I want to create a custom loss layer for semantic segmentation in caffe that requires multiple inputs. I wish this loss function to have an additional input factor in order to penalize the miss detection in small objects.
To do that I have created an image GT that contains for each pixel a weight. If the pixel belongs to a small object the weight is high.
I am newbie in caffe and I do not know how to feed my net with three 2-D signals at the same time (image, gt-mask and the per-pixel weights). I have doubts regarding how is caffe doing the correspondence between rgb data and gt data.
I want to expand this in order to have 2 gt one for the class label image and the other to put this factor in the loss function.
Can you give some hint in order to achive that?
Thanks,
You want to caffe to use several N-D signals for each training sample. You are concerned with the fact that the default "Data"
layer can only handle one image as a training sample.
There are several solutions for this concern:
Using several "Data"
layers (as was done in the model you linked to). In order to sync between the three "Data"
layers you'll have you need to know that caffe reads the samples from the underlying LMDB sequentially. So, if you prepare your three LMDBs in the same order caffe will read one sample at a time from each of the LMDBs in the order in which the samples were put there, so the three inputs will be in sync during training/validation.
Note that convert_imageset
has a 'shuffle'
flag, do NOT use it as it will shuffle your samples differently in each of the three LMDBs and you will have no sync. You are strongly advised to shuffle the samples yourself before preparing the LMDBs but in a way that the same "shuffle" is applied to all three inputs leaving them in sync with each other.
Using 5 channel input. caffe can store N-D data in LMDB and not only color/gray images.

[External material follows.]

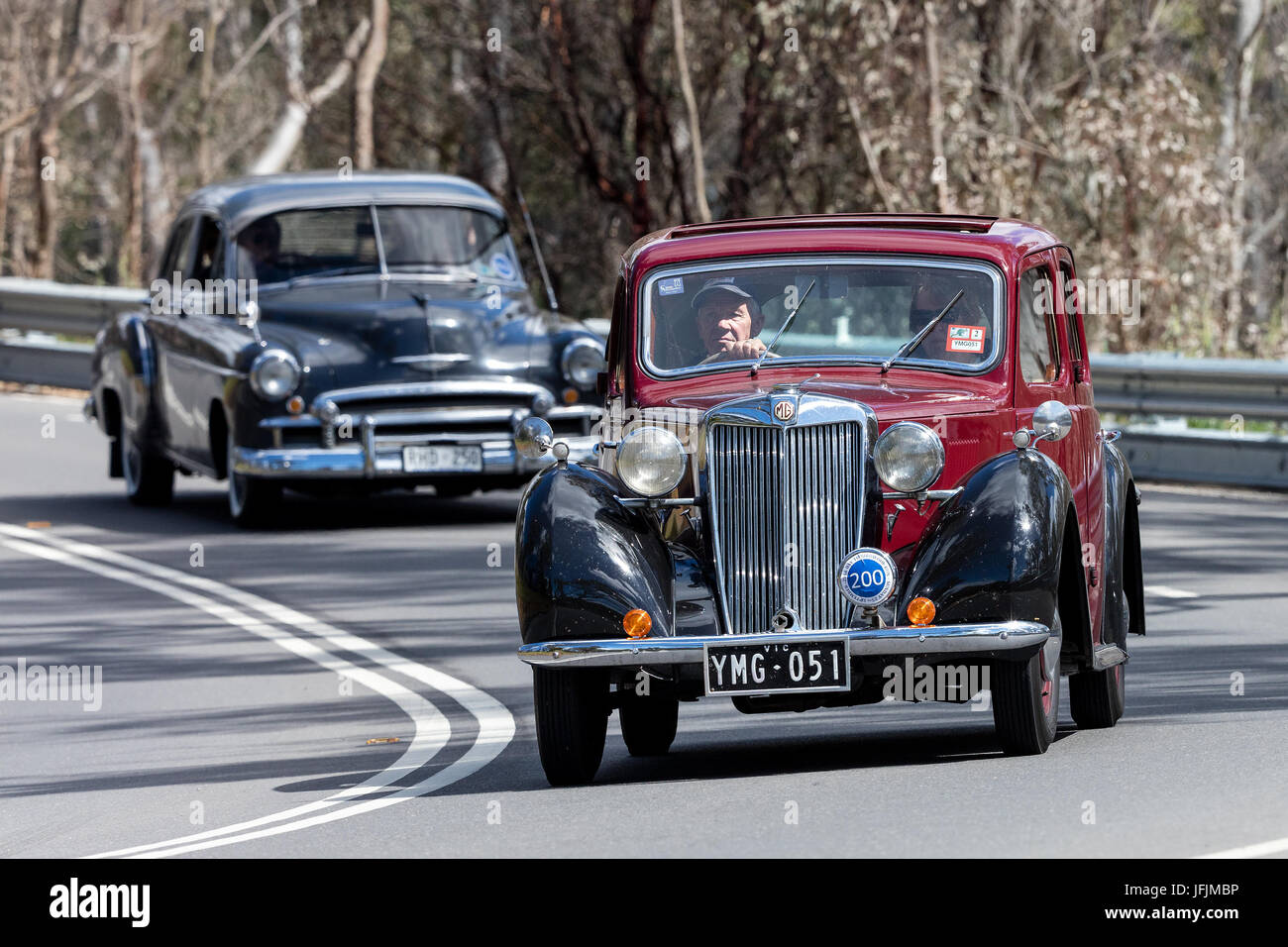 Jahrgang 1951 MG YA Limousine fahren auf der Landstraße in der Nähe der Stadt Birdwood, South Australia. Stockfoto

You can use python to create LMDB with each "image" is a 5-channel array with the first three channels are image's RGB and the last two are the ground-truth labels and the weight for the per-pixel loss.

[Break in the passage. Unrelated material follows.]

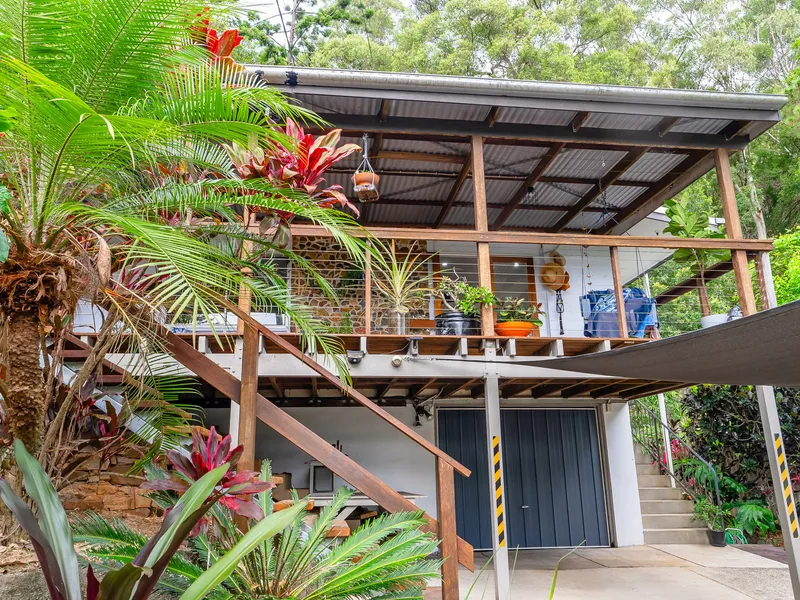 Character Filled Family Home on the Fringe of Town yet Immersed in Nature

In your model you only need to add a "Slice"
layer on top of your "Data"
:
layer {
name: "slice_input"
type: "Slice"
bottom: "raw_input" # 5-channel "image" stored in LMDB
top: "rgb"
top: "gt"
top: "weight"
slice_param {
axis: 1
slice_point: 3
slice_point: 4
}
}
Using "HDF5Data"
layer (my personal favorite). You can store your inputs in a binary hdf5
format and have caffe read from these files. Using "HDF5Data"

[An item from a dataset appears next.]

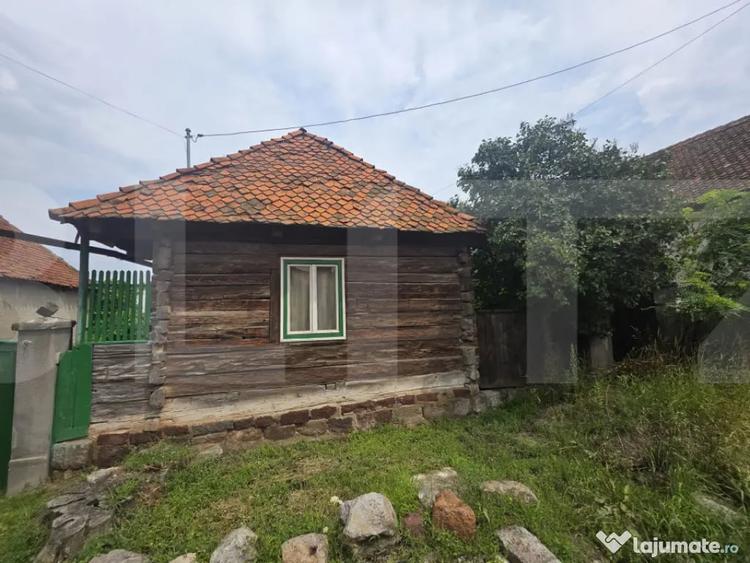 Casă cu 2 camere cu Teren 982 Mp în Bixad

is much more flexible in caffe and allows you to shape the inputs as much as you like. In your case you need to prepare a binary hdf5 file with three "datasets": 'rgb'
, 'gt'
and 'weight'
. You need to make sure the samples are synced when you create the hdf5 file(s). Once you have the, ready you can have a "HDF5Data"
layer with three "top"s ready to be used.
Write your own "Python" input layer. I will not go into the details here. But you can implement your own input layer in python. See this thread for more details.